Jalapathy Gudelli of Telugucinema.com rated the film 3/5 and wrote, "While it has its share of pacing issues, the film offers a refreshing take on the sports genre. Abhilash Reddy deserves credit for introducing motocross to Telugu cinema and blending it effectively with sentiment." Yashaswini Sri of The Indian Express wrote, "When the sport is front and centre, it is a genuinely thrilling watch, one that justifies every rupee spent on the racing sequences. But the drama holding those sequences together is routine, underdeveloped, and set to a score that does it no favours."
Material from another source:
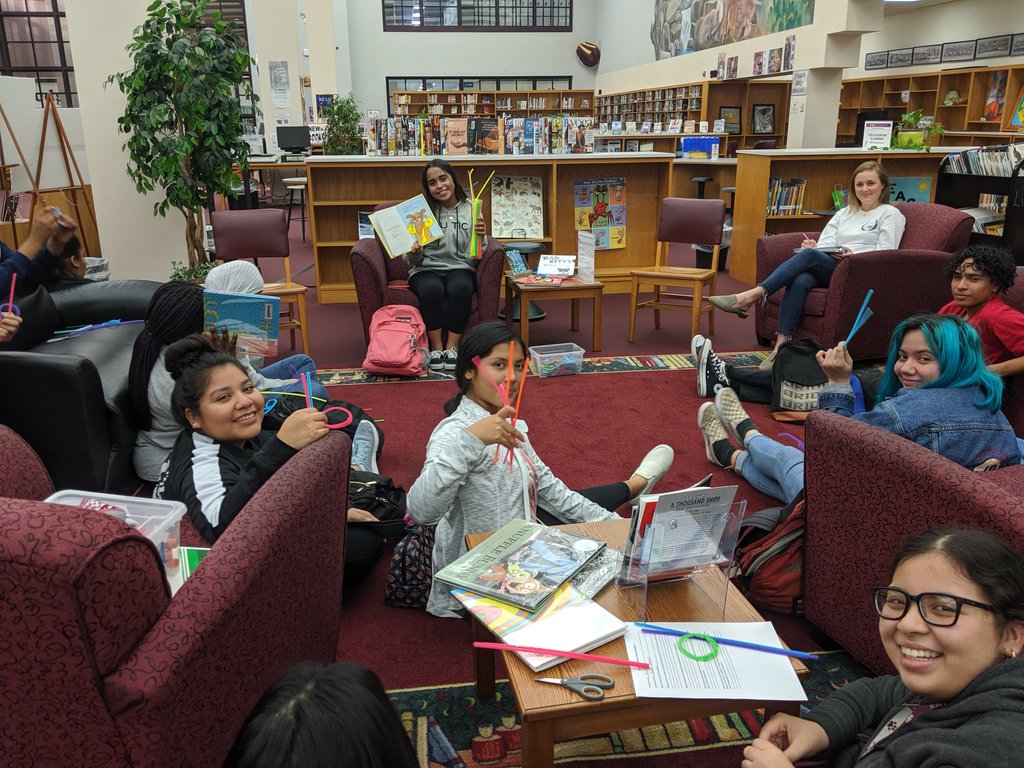 TheKHSLibrary's tweet photo. Amazing #FCS students teaching each other how to #read to children! Fun activities enhance the reading experience with #Arthur! #ReadingRevelation #readingrocks #readtosucceed @maryzurbuchen @FBISD_Libraries https://t.co/fhRLnhbDMT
Sanjay Ponnappa of India Today rated the film 2.5/5 stars and wrote, "Biker has its moments, especially in its racing sequences and the emotional father-son dynamic that lands towards the end. However, a predictable narrative, inconsistent engagement, and underwhelming drama hold it back from truly standing out." Sangeetha Devi Dundoo of The Hindu wrote, "Biker marks the return to form for Sharwanand, after a string of middling films. [...] On the whole, Biker is an engaging watch. Had it pushed itself to go beyond predictable turns, it could have been a standout film."